Mar. 31, 2015 | By Kira

The ever-useful defines a Sneakerhead as “a person who collects limited, rare, OG, or flat out exclusive kicks,”—that is, more generally speaking, a person who simply loves to collect, customize, and wear designer sneakers and shoes. Dominic Goldman, the Executive Creative Director at UK creative agency London Grey, definitely fits the bill.

As an homage to his favourite sneaker, and in celebration of Air Max 1 Day back on March 26th, Goldman created a limited series of solid concrete AM1 sculptures “for the sneakerhead’s home.” Ranging from white through several shades of gray up to black, each pair is meticulously sculpted and comes with a rough-finished wooden ‘shoe box’ stand to proudly display the iconic silhouette.

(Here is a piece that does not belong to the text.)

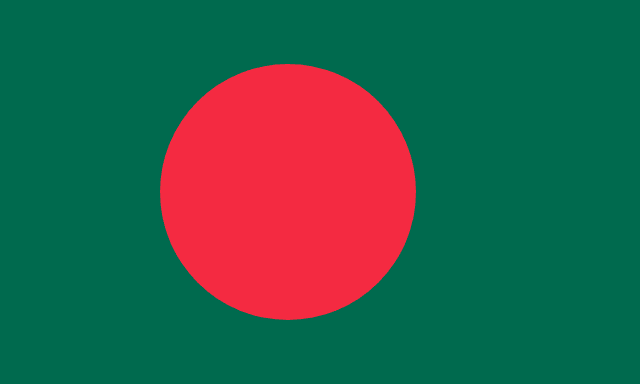 Bangladesh country flag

Though the final product is crisp and stunning, the actual process of creating them was nowhere near as smooth. As it was Goldman’s first attempt at sculpting and 3D modeling, there were a few trip-ups along the way. The artist began by commissioning a 3D designer to craft and print a 3D model of the original sneaker. Unfortunately, the model broke several times and had to go through several iterations before it could be successfully manipulated. When he was finally able to bring the 3D models to another company to create a mold, they broke again. “The 3D printing company said it was the hardest thing they’d try to print,” said Goldman.

After several attempts, he finally had a workable mold, to which a super fine aggregate concrete was added, and the various white, grey and black dyes were embedded into the concrete mix in order to directly integrate the monochromatic colour scheme. The choice of concrete as the sculpting material wasn’t haphazard: “concrete is the opposite of air, and was partly ironic and partly immortalizing the sneaker I love,” said Goldman. Unlike the actual running shoe, the first to feature a visible Air cushioning unit in its heel, the concrete sculptures weigh an impressive 3.5kg (7.7 lbs).

According to the artist, one of the biggest challenges was extracting all of the air bubbles and preserving the stitching and details that make the AM1 as distinctive as it is, such as the tread on the sole. However, his hard work and attention to detail paid off: each stitch and tread is exactly in place, not to mention the immaculate Nike Swoosh. As an added, personal touch, the back of each shoe is signed “Tiny,” Goldmans’ artist tag and the name of his grandfather, U.K. boxer Tiny Bostock.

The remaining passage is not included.